The Independence Party platform included: support for initiative and referendum, 8-hour day, prohibition of convict and child labor, creation of a Dept. of Labor, statehood for Arizona and New Mexico, "exclusion of Asiatic cheap labor," direct election of US Senators, and a graduated income tax.
They were on the ballot in all but six states placing a distant 5th place nationally. Their best showing was in Massachusetts (4.21%) the home state of their presidential candidate. They had an especially miserable showing in Graves' home state of Georgia (0.06%) probably due to the fact it was also home to Populist Party presidential nominee Thomas Watson (who won 12.59% of the Peach State's vote) and who was another vocal avowed racist of his era.

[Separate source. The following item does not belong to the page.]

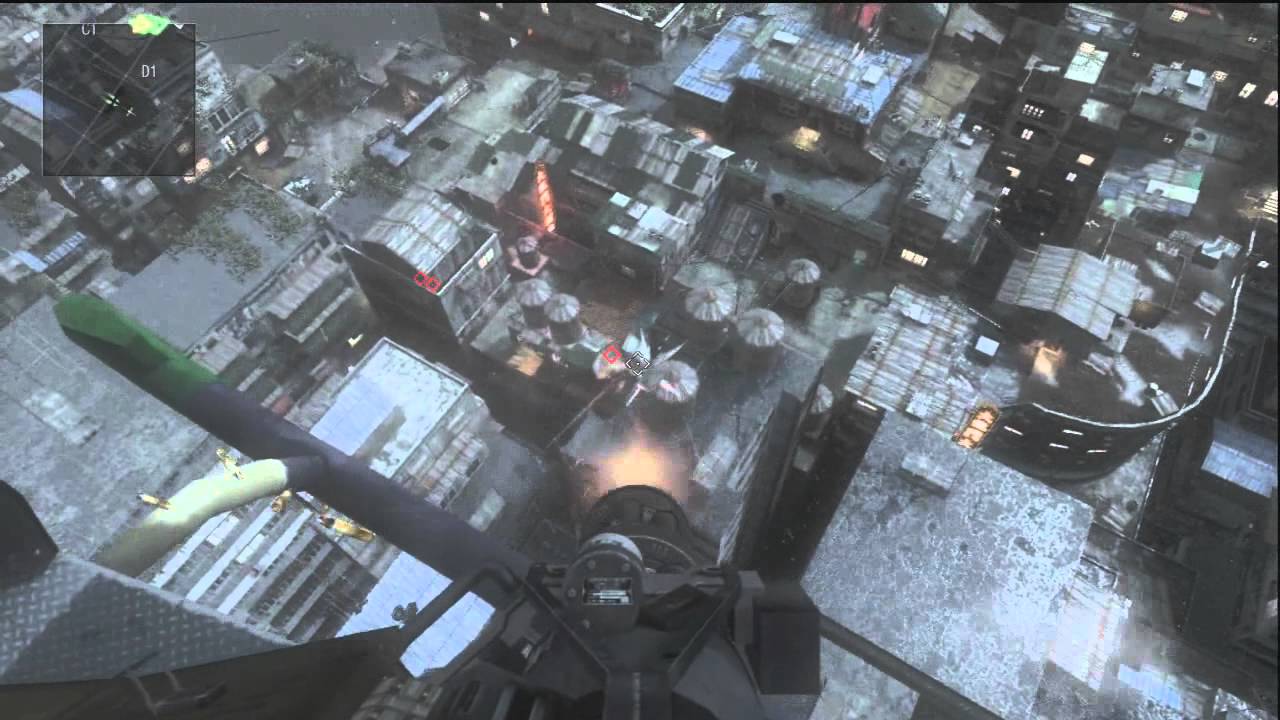 TDM Beasting | Black Ops | Live Commentary Session | Game 3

The Independence Party feebly struggled on until 1914, with many of the members eventually returning to the Democratic Party.
Election history:
1886 - Democratic nomination for US House of Representatives (Fla.) - defeated
1905 or 1906 - US Senate (Ga.) (Democratic) - defeated or withdrew
1908 - Independence Party nomination for US President - defeated
Other occupations: Democratic Party presidential elector 1884 (Fla.) - 1888 (Ga.), teacher, newspaper editor, orator
Buried: Westview Cemetery (Atlanta, Ga.)
Notes:
Great-grandnephew of John C. Calhoun.
Rejoined the Democratic Party in 1912.
Wrote race-baiting incendiary articles in his newspaper and some historians place responsibility on
him for creating an atmosphere that led to the Atlanta riots of 1906.
Was an early supporter of the Stone Mountain Confederate carving.
"Let the Government set aside, out of its vast public domains, a large territory for a sovereign State to
be officered and controlled exclusively by the negroes and no whites to have the right to vote therein,
the Government to maintain troops to preserve order. The only price the negro need pay for this
privilege would be his right to vote in any other State."--John Temple Graves paraphrased by the
Washington Post, Aug. 13, 1893.
Graduate of the University of Georgia 1875.
Campaigned for Cleveland in 1892.
Sometimes called "Colonel Graves" although he apparently was never in the military, probably it was
an honorary title bestowed by the Governor of Georgia.
In a 1907 speech urged Democrats to support Theodore Roosevelt.
"The people of the South will not be scared by threats of the federal court, and if it invades the state's
authority and takes charge of these cases there is the Kuklux Klan to fall back on, which was the
most effective agency that the Southern country had ever known against crime and lawlessness."--
John Temple Graves 1904.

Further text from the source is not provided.